Christliches Fernsehen zu gestalten sei deswegen so schwierig, weil wichtige christliche Begriffe wie Gnade und Gerechtigkeit abstrakt seien. Der unbedarfte Zuschauer könnte eine betende Nonne nicht unbedingt von einem Tai-Chi-Künstler unterscheiden: "Hier muss der Text aus dem Off verdeutlichen, dass etwas zwischen Gott und der Nonne passiert", sagte Malessa. Ansonsten entstehe der Eindruck, dass es sich beim Christentum lediglich um ein Gutmenschentum mit theologischem Überbau handele. "Nach der 15. Reportage ist es dem Zuschauer egal, ob die Hauptprotagonisten Atheisten, Christen oder Zeugen Jehovas sind", verdeutlichte Malessa.





Je höher der Sensations- desto niedriger der Identifikationsfaktor

In der christlichen Medienlandschaft existiere die Meinung, dass Vorher-Nachher-Geschichten einen guten Effekt beim Konsumenten erzielen: "Die schrillsten Bekehrungserlebnisse sorgen aber immer für den größtmöglichen Abstand zum Zuschauer. Je höher der Sensationsfaktor, desto geringer ist der Identifikationsfaktor und das schmälert den Nutzwert", so Malessa.





Die Frage, ob Mission und Verkündigung im Fernsehen möglich sei, beantwortete Malessa vierfach. Ein "Ja" gebe es von unbekümmerten US-TV-Predigern, ein "Ja, aber" von christlichen Formaten wie ERF und BibelTV, die dies auch in die entsprechende journalistische Form eingebettet sehen wollen. Ein "Nein, aber" zum direkten appellativen Missionieren, komme meistens von den Senderbeauftragen der Landeskirchen und ein deutliches "Nein" von den Religions-Redaktionen der öffentlich-rechtlichen Sender.

In der anschließenden kontroversen Diskussion wurde Malessas Thesen zum Teil heftig widersprochen. Der Journalist räumte ein, dass er nicht die Kraft Gottes außer Acht lassen wollte. Er schränkte aber in Bezug auf die Programmgestaltung ein: "Auch wenn Gott auf krummen Linien gerade schreibt, bedeutet dies nicht, dass wir nur krumme Linien zeichnen dürfen."

Dan Peter, Kirchenrat im Referat für Publizistik und Gemeinde der Evangelischen Landeskirche in Württemberg und einer der Organisatoren des Netzwerktreffens, machte im Gespräch mit pro deutlich, dass es tatsächlich schwierig sei, im Fernsehen das zu bebildern, was bei einer Predigt oder einem Gottesdienst in den einzelnen Zuschauern abläuft. "Bei Malessa hat das dazu geführt, dass ihm direkte Verkündigungsformate nicht fernsehgerecht erscheinen. Und das hat er zum Ausdruck gebracht. An einzelnen Punkten sieht er dies aber sehr verengt aus seiner öffentlich-rechtlichen Perspektive."
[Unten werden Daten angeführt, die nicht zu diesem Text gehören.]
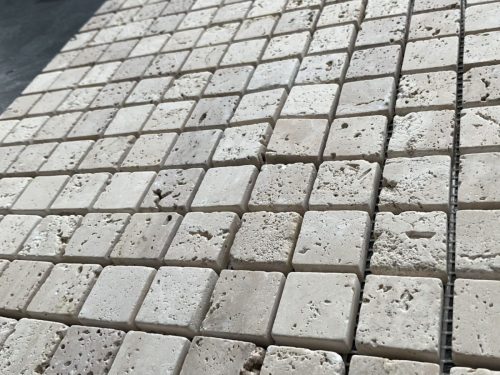 ้hsn-travertine-honed-tumbled-mosaic-detail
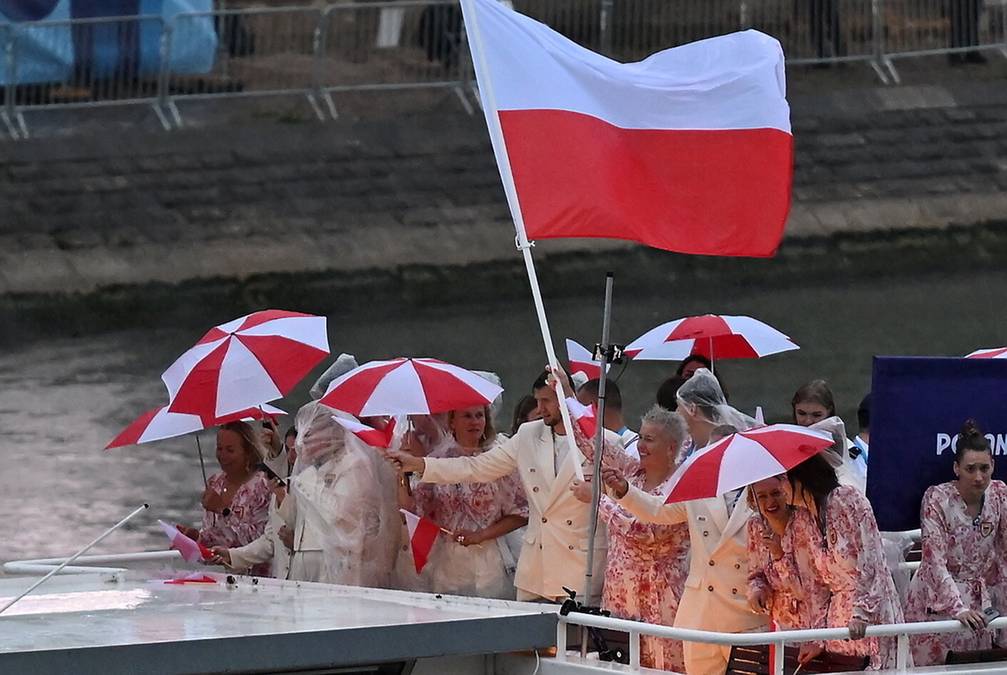 Mimo deszczowej aury, publiczność wiwatowała na widok olimpijczyków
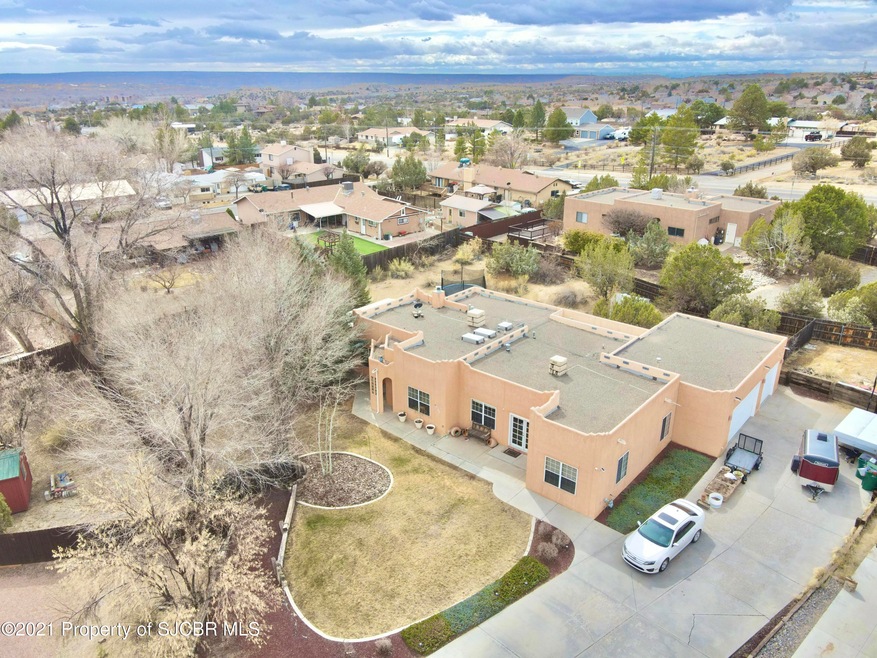 5611 Tee Dr, Farmington, NM 87402 - photo 1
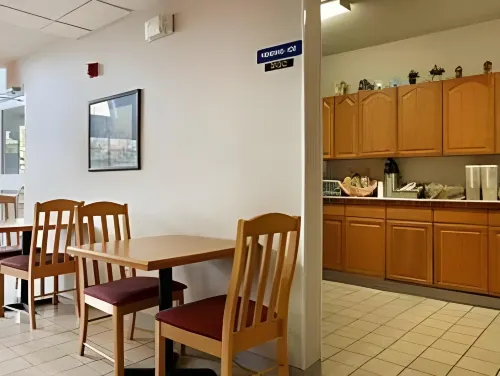 Motel 6 Olathe, KS Featured Photos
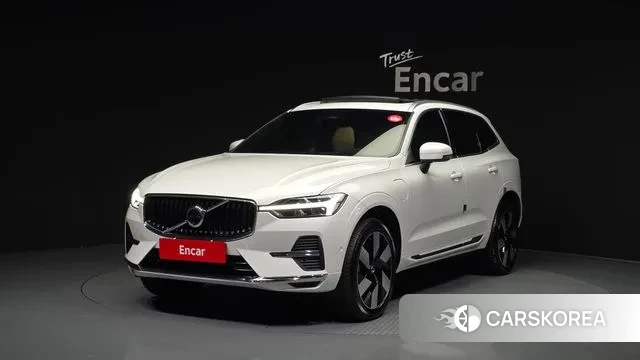 Volvo XC60 second Generation 2025 Белый из Кореи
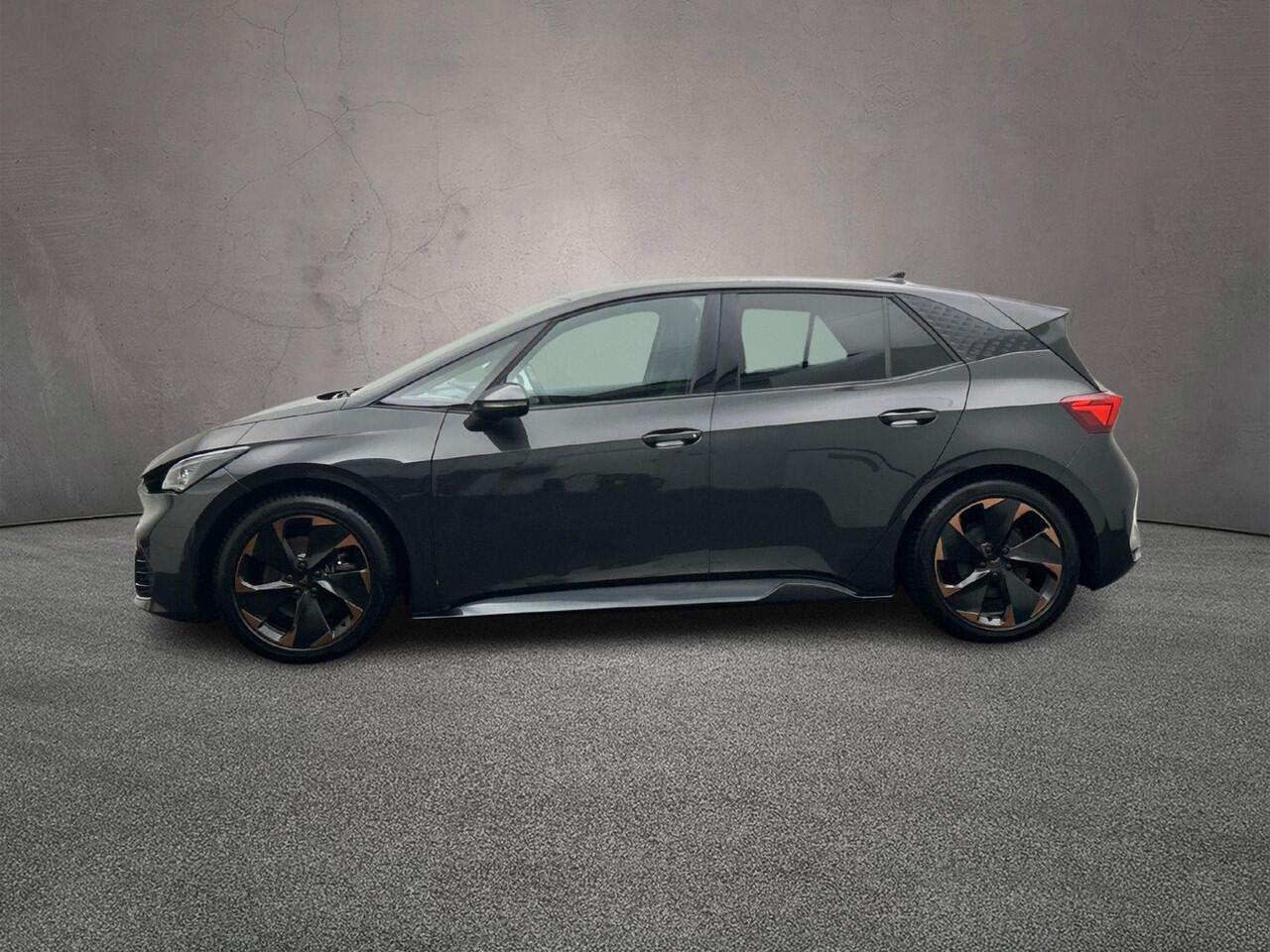 Cupra Born Adrenaline One 204pk Automaat Adaptive cruise control, Navigatie, Achteruitrijcamera, Stuurwiel verwarmd, LED koplampen, Parkeersensoren, Stoelverwarming
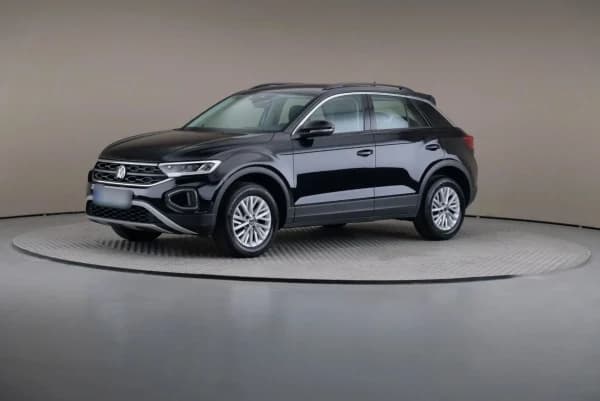 Volkswagen T-Roc 1.5 TSI Life DSG 2023 - używany samochód w leasingu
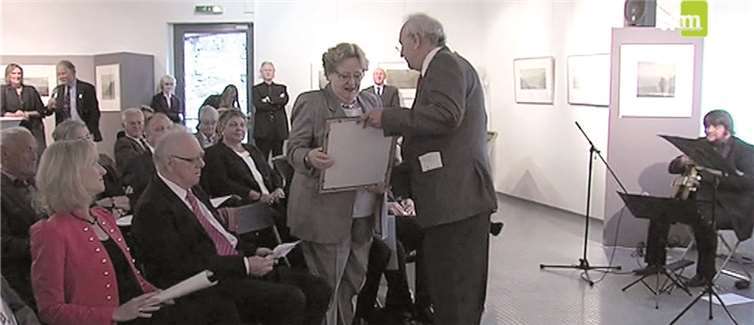 Die Übergabe der Ehrenmitgliedsurkunde des Fördervereins Rhein-Museum an Dr. Ingrid Bátori.Privat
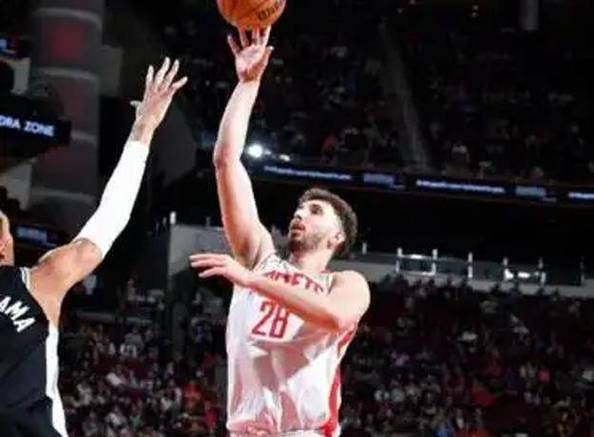 火箭输公牛1喜3忧！申京连暴，谢泼德+乌度卡辣眼，替补无得分！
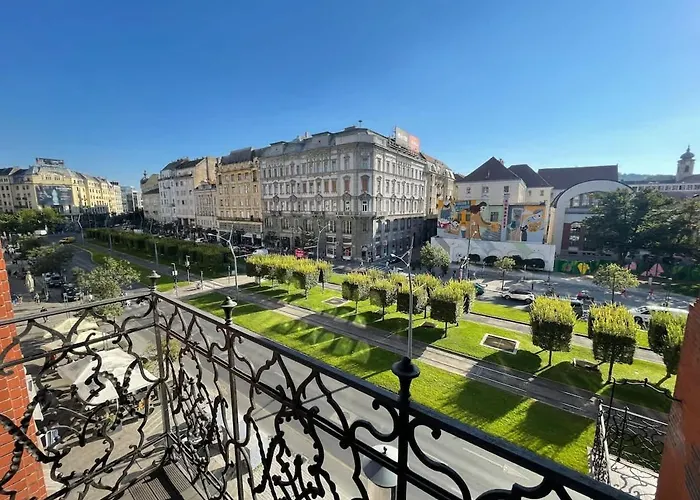 Charles\' Haven In The Heart Of Budapest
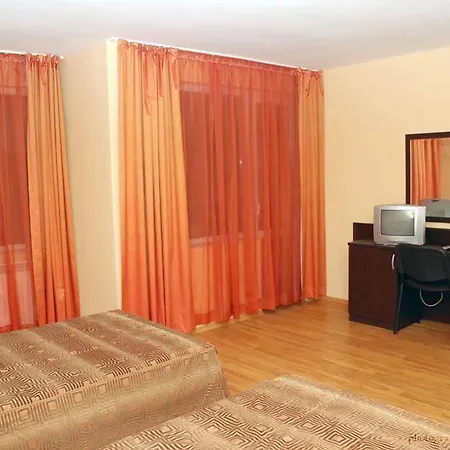 Hotel Family Art-hotel Zora 2*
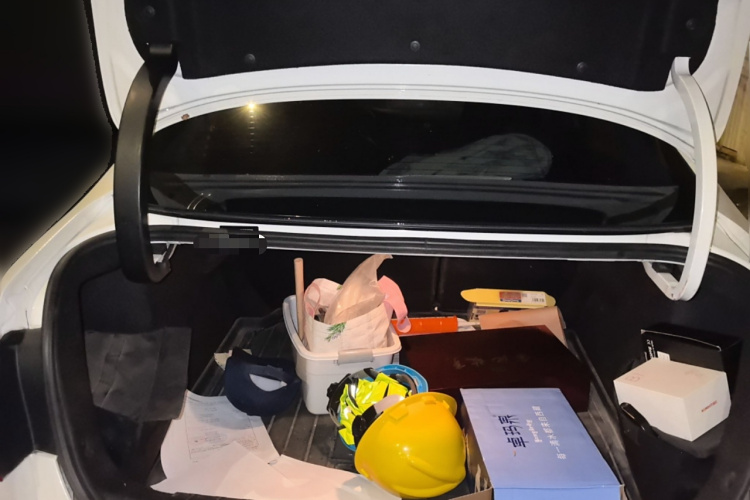 标致408 2014款 1.8L 自动豪华版局部细节23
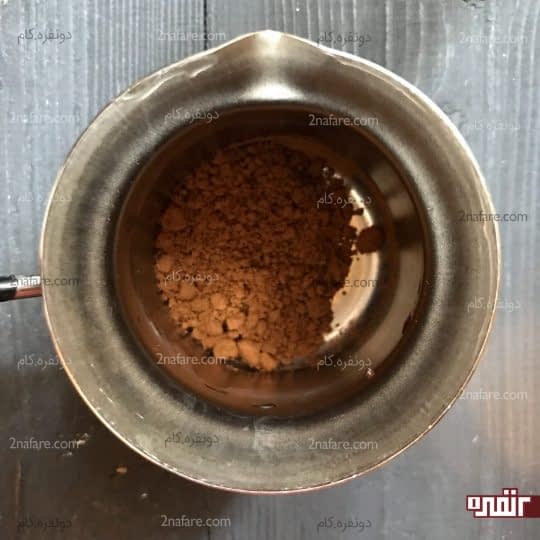 ریختن پودر قهوه داخل قهوه جوش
Immer breiteres Zielpublikum findet zielgruppengerechte Ansprache

Denn mittlerweile versammelten sich bei Fernsehgottesdiensten nicht mehr nur bettlägrige oder gehbehinderte Senioren vor dem Bildschirm, sondern auch mobile, berufstätige Menschen, die dort eine zielgruppengerechte Ansprache fänden und vielfältige Fernsehgemeinden bildeten. Auch, wenn es noch keine befriedigende Lösung dafür gebe, wie man Predigten und Ansprachen sinnvoll bebildert.

In seinem Redebeitrag betonte der Kirchenrat die große Spannweite der journalistischen Arbeit. Zum einen sei der Blick bei christlichen Journalisten auf den Himmel gerichtet, zum anderen auf das Land in dem wir leben. "Beim Blick in die Medien ist es noch nie so offensichtlich gewesen, dass es Themen gibt, die sich in den öffentlichen Medien völlig anders darstellen als in den Gesprächen auf der Straße." Aufgabe der Medienschaffenden sei es deswegen, Glaubenswissen zu vermitteln und dieses mit Lebens- und Glaubenserfahrungen zu verbinden: "Wir müssen anderen Menschen helfen, dass sie Gott in ihrem Alltag erkennen."

Andreas Malessa ist seit 1982 beim Deutschlandfunk fester freier Mitarbeiter und sendet dort wöchentliche Beiträge. Darüber hinaus arbeitet er als Redakteur beim Südwestrundfunk und als Referent und Theologe in Gemeinden. Im "Forum für Christen in Film und Fernsehen" treffen sich regelmäßig Christen, die im Bereich Film, Fernsehen, Video und Multimedia arbeiten, um sich gegenseitig auf Entwicklungen in den Medien aufmerksam zu machen, Film- oder TV-Projekte vorzustellen, Ideen auszutauschen und gemeinsame Projekte zu planen. 

Für den musikalischen Rahmen sorgte der Musiker Manuel Winter. (pro)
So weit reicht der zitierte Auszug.